In 2010, Saidi, who sometimes does sex work to make ends meet, was on the street looking for clients when a police officer posing as a client took him to a guest house and then arrested him. The officer forced him at gunpoint to call five gay friends and tell them to meet him at a bar. When they arrived, the police arrested all of them. They proceeded to undress and beat the five friends before taking them into custody. Saidi recalled, “They said, ‘We’re arresting you because you’re gays and you’re shaming us. Our country does not allow homosexuals. Our law and our religion and customs don’t allow this.’”

At the police station, Saidi and his friends were repeatedly raped by fellow detainees. When they called out to the police for help, the police said, “This is good, this is what you want.”

In order to bribe her son and his friends out of custody, Saidi’s mother had to take out a loan from a local money lender. Head held between cupped hands, Saidi said, “When I remember that situation, I want to cry.”

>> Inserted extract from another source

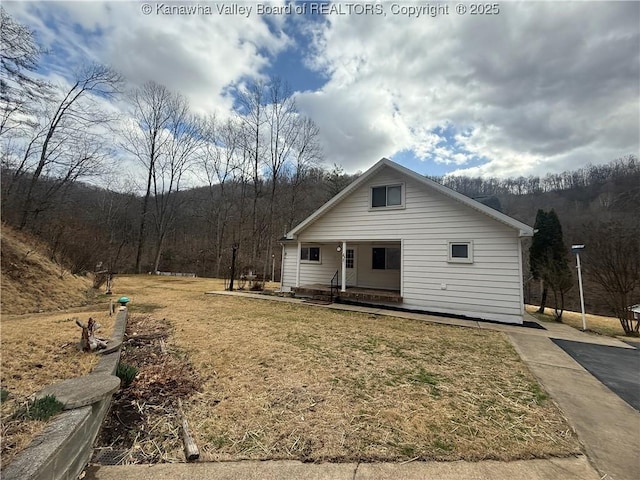 view of front of home with covered porch, a forest view, and a front yard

Hearing the story, I too wanted to cry. Tanzania doesn’t make headlines for its brutal repression of lesbian, gay, bisexual, transgender and intersex (LGBTI) people. That kind of attention goes to countries like Uganda, where a draft law would make some homosexual acts punishable by death. And Tanzania is not Cameroon, where at least 30 people have been prosecuted for consensual same-sex conduct since 2010. Arrests of LGBTI people in Tanzania rarely lead to prosecution; usually they’re simply a pretext for police to collect bribes or coerce sex from vulnerable people.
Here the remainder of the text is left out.